Reported results on MM-Vet v2 reflect the stronger frontier models of 2024 [2]:
| Model | MM-Vet v2 score |
|---|---|
| Claude 3.5 Sonnet | 71.8 |
| GPT-4o | 71.0 |
| InternVL2-Llama3-76B | 68.4 |
| Gemini 1.5 Pro | 66.9 |
| GPT-4V | 66.3 |
In the paper's evaluation, Claude 3.5 Sonnet was the best model at 71.8, narrowly ahead of GPT-4o at 71.0, while InternVL2-Llama3-76B led the open-weight models at 68.4 [2]. The lower absolute scores compared with version 1's headline number reflect that v2 is a deliberately harder and broader test set.
MM-Vet helped popularize two ideas that became common in multimodal evaluation: defining tasks by the combination of core capabilities they require, and grading open-ended generative answers with an LLM judge rather than forcing closed-form responses [1]. This made the benchmark a better proxy for how conversational multimodal assistants behave in practice, where users ask varied, unconstrained questions about images.
Because MM-Vet outputs a single, easily quoted number together with a per-capability profile, it was adopted as a routine yardstick in LMM development and frequently appears in model cards and research papers next to complementary benchmarks.

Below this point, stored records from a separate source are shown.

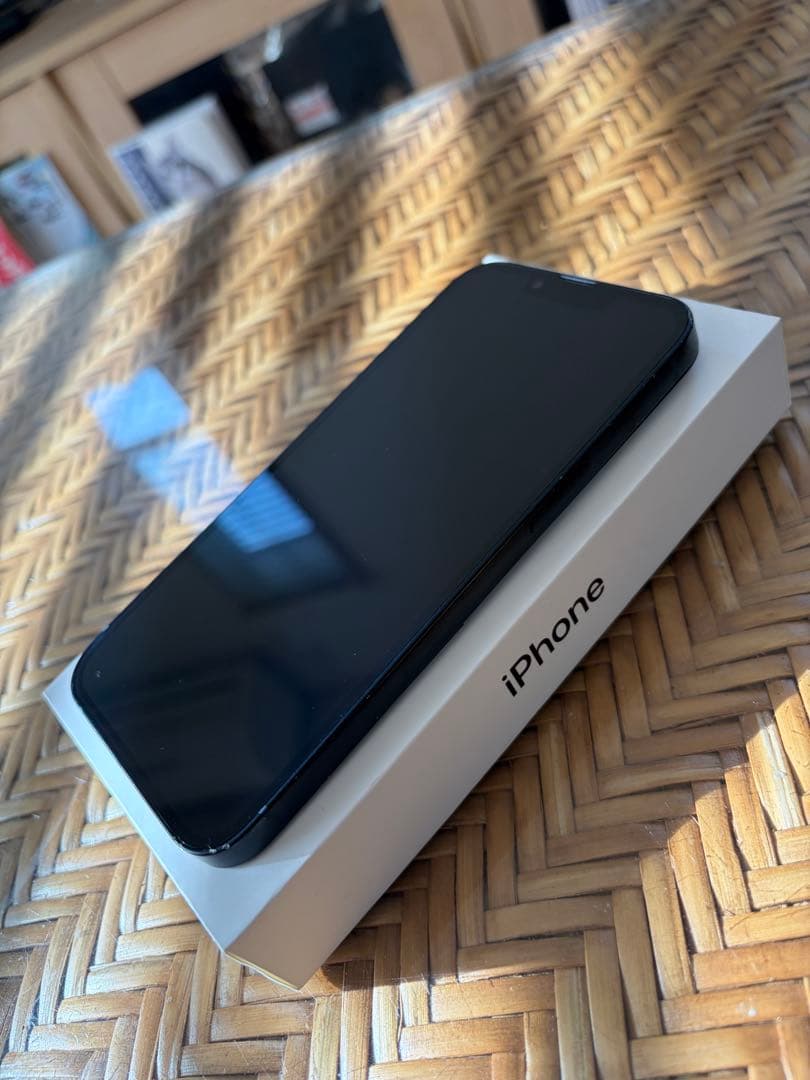 美品□Apple iPhone 13 128ブラック ケーブル アダプター箱付き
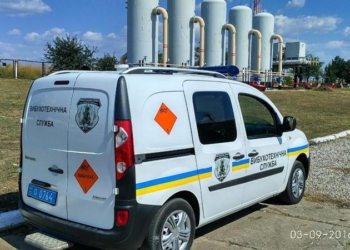 Неудачная шутка или проверка бдительности? У газопровода на Николаевщине нашли странный предмет с керамическим корпусом и проводами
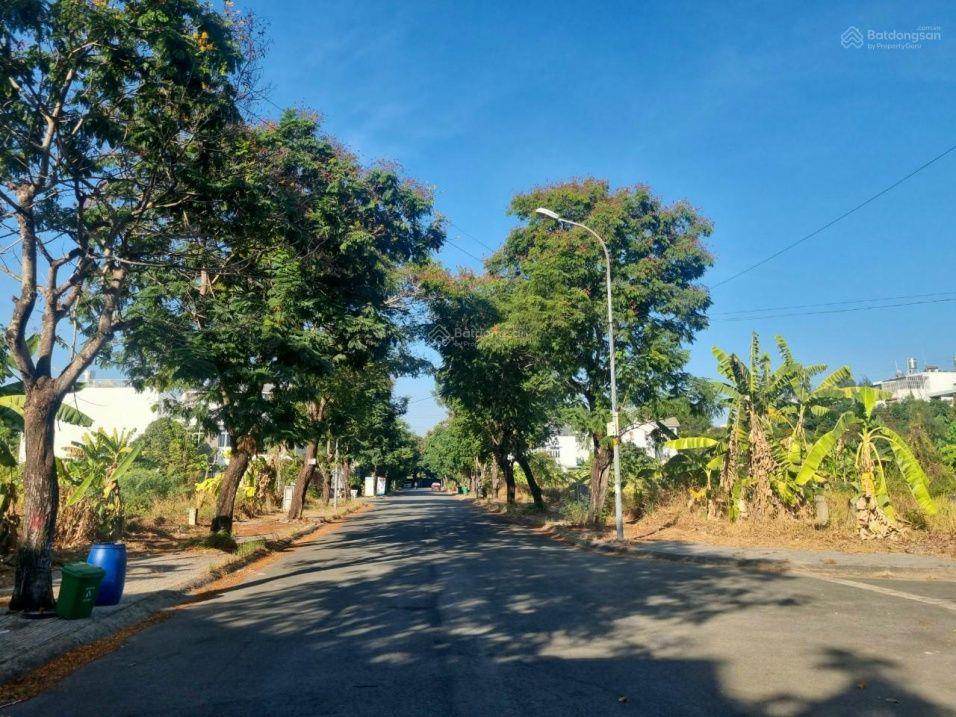 Bán lô nhà phố Hưng Phú 2 Quận 9, Lô D, đường 15m, dt 6x22m, giá 11 tỷ, hướng tây bắc 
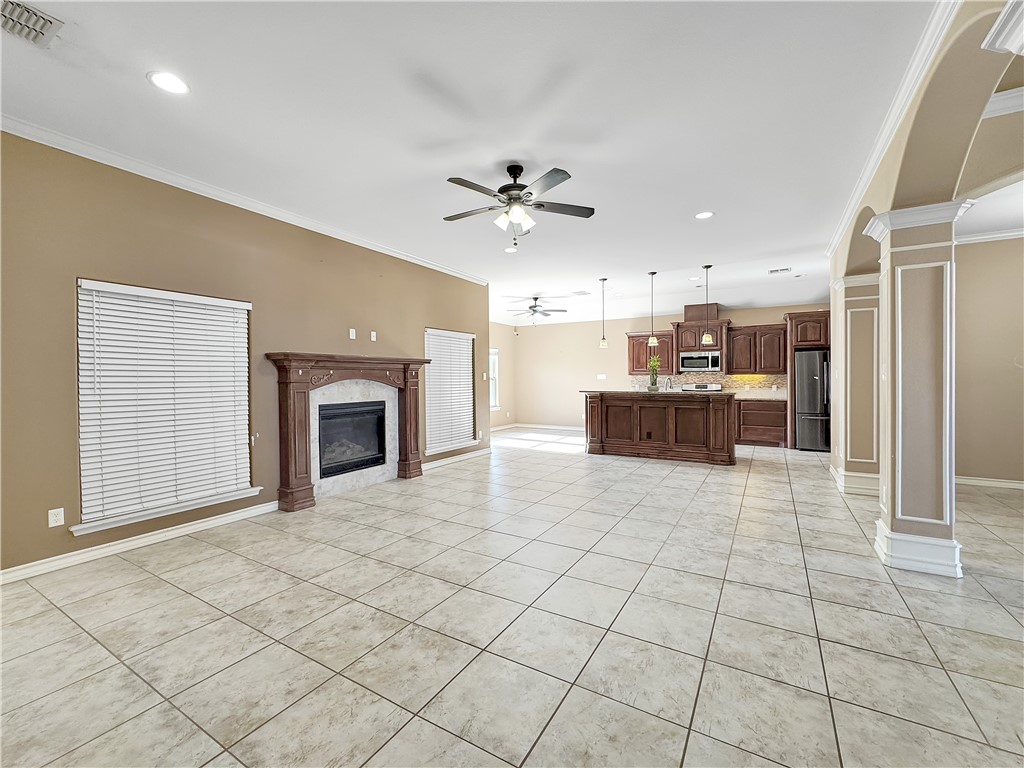 1601 Sea Oak Dr Property Photo 11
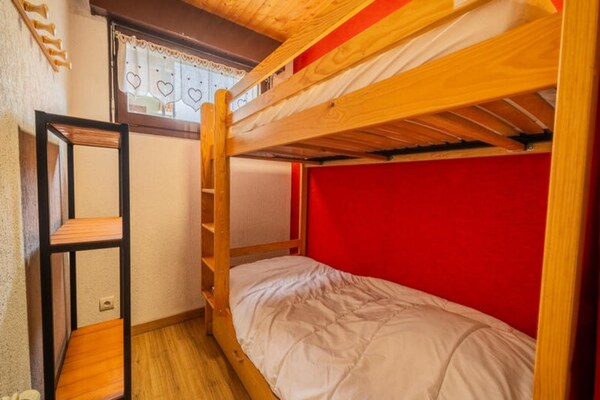 Appartement 33m² op 50m van de piste in La Clusaz met terras op het zuiden - thumbnail 4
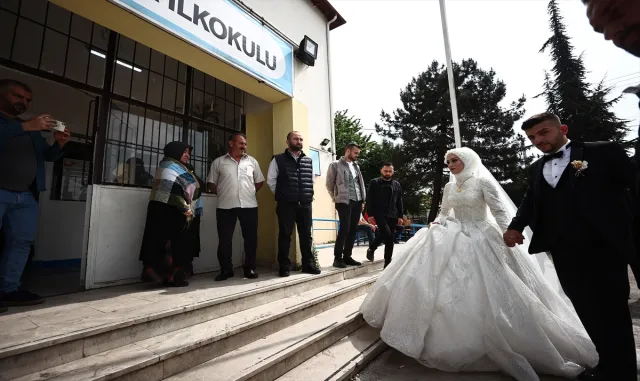 Oy kullanmaya gelinlik ve damatlıkla geldiler Oy kullanmaya gelinlik ve damatlıkla geldiler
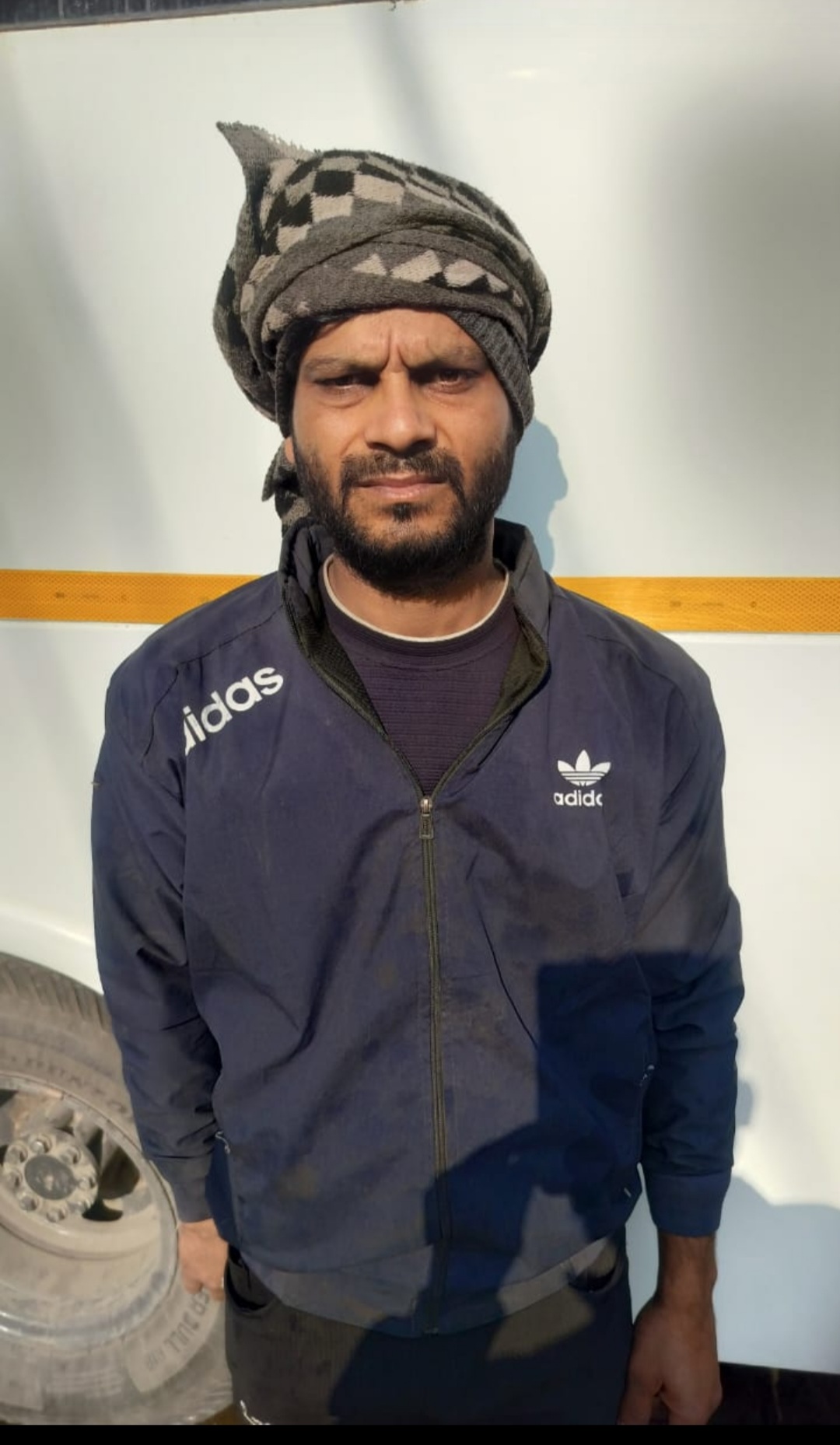 दुर्घटनाग्रस्त बस में आग लगाने वाला आरोपी गिरफ्तार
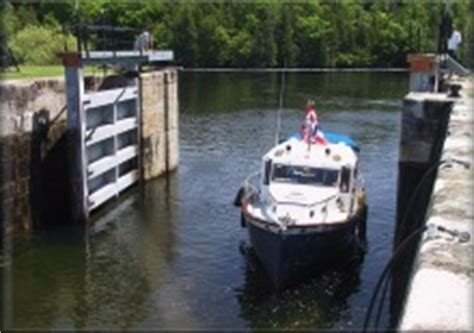 Canal Boat: Rideau Canal Boat Tours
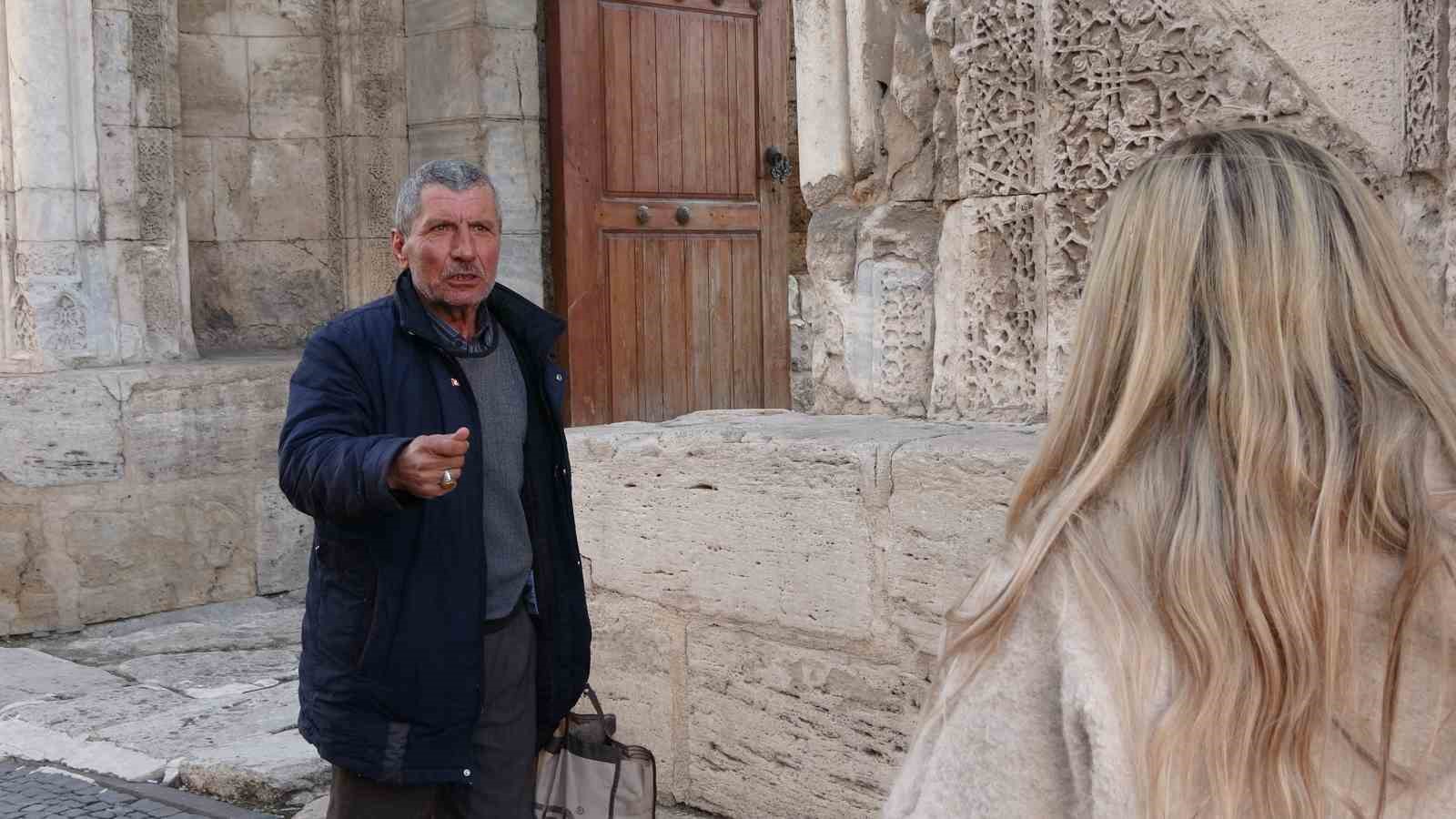 Hem seyyar satıcılık yapıyor, hem de gönüllü rehberlik hizmeti veriyor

It is often contrasted with MMMU, a much larger college-exam-style benchmark of about 11,500 multiple-choice questions across many academic disciplines, and with MMBench, MME, and SEED-Bench, which use different formats and emphases [1][4]. Where MMMU stresses breadth of expert knowledge under a structured answer format, MM-Vet emphasizes the integration of everyday vision-language skills under open-ended scoring. The two are widely reported together precisely because they probe different aspects of multimodal competence. The benchmark's code, data, and an online leaderboard are publicly available, which contributed to its broad uptake [1].